Полотна великих итальянцев воодушевляли Обри и давали ему пищу для размышлений, но Берн-Джонс побуждал его к рисованию, и вполне вероятно, что Бердслей искал рисунки Боттичелли и Мантеньи в Британском музее либо в книгах и альбомах. Их работы имели значительные стилистические различия: если рисунки Боттичелли изящны, чувственны и декоративны, то Мантенья отличается сдержанностью и почти классической строгостью форм. Тем не менее рисунки обоих характеризуются «плоским», линейным стилем. Оба предпочитали обходиться без моделей и были апологетами чистых контуров и силуэтов. Берн-Джонс в некоторых своих рисунках пользовался такой же техникой, и Бердслей видел ее в графике Блейка. Этот стиль требовал огромного мастерства и уверенности. Несмотря на явный прогресс, Обри он удавался лишь при отдельных вспышках вдохновения. Бердслей пытался воспроизвести его в трех рисунках, выполненных под влиянием Мантеньи, – «Деве Марии и Лилии», «Литании Марии Магдалины» и «Процессии Жанны д’Арк», а также в иллюстрациях к стихотворению Джеффри Чосера «Суд любви».

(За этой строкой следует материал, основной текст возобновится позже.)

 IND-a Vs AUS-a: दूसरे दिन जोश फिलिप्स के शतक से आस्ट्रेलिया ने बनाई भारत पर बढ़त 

В поисках тем для рисунков он углубился в историю и литературу. Множество персонажей и сюжетов Бердслей нашел у Шелли, Блейка, Шекспира и Эсхила. «Суд любви» Чосера, отца английской поэзии, первым начавшего писать свои сочинения не на латыни, а на родном языке, потряс Обри. Он сделал несколько иллюстраций к этому стихотворению, подражая Берн-Джонсу, оформлявшему произведения поэта в издательстве Уильяма Морриса. Бердслей прочитал «Земной рай» самого Морриса и нашел его просто очаровательным. Он также обратил внимание на ключевой текст прерафаэлитов – «Смерть Артура» Томаса Мэлори – и задумал цикл картин о жизни Мерлина.

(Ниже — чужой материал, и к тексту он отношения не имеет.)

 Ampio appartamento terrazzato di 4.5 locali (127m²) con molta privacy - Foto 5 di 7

Обри так увлекся «артуровским» циклом, что даже убедил Скотсон-Кларка написать кантату на эту тему. Возможно, друзья встретились в Лондоне, чтоб обсудить этот проект. Такие посиделки, безусловно, скрашивали одиночество Бердслея в опустевшем Лондоне. Его посетил Кокран. Потом он провел вечер с мистером Кингом, который был в Лондоне проездом. Кинг впечатлился успехами Обри и горячо настаивал на том, чтобы с осени тот стал посещать художественную школу и делать зарисовки из жизни. Кроме того, Кинг предложил продать некоторые рисунки Бердслея любителям живописи в Блэкберне. Он взял с собой несколько работ, включая «Гамлета…» и иллюстрации к Чосеру.
Выходные дни перед своим 19-летием Бердслей провел вместе с семьей Альфреда Герни (его отец уехал из города). Потом было несколько великолепных вечеров в оперном театре. Билеты ему предлагал Эванс, страстно любящий музыку. За лето дружба Бердслея с книготорговцем окрепла, и Эванс даже начал печатать репродукции некоторых его последних работ. Творчество Бердслея стало значительно разнообразнее. В общем, он по-прежнему подражал Берн-Джонсу, но природное стремление к эклектизму то и дело трансформировалось в новые линии, подчас более чем смелые. В тот самый момент, когда Обри готов был с головой погрузиться в творчество последнего из прерафаэлитов, перед ним открылась перспектива, уводящая из hortus conclusus[36] Берн-Джонса [17].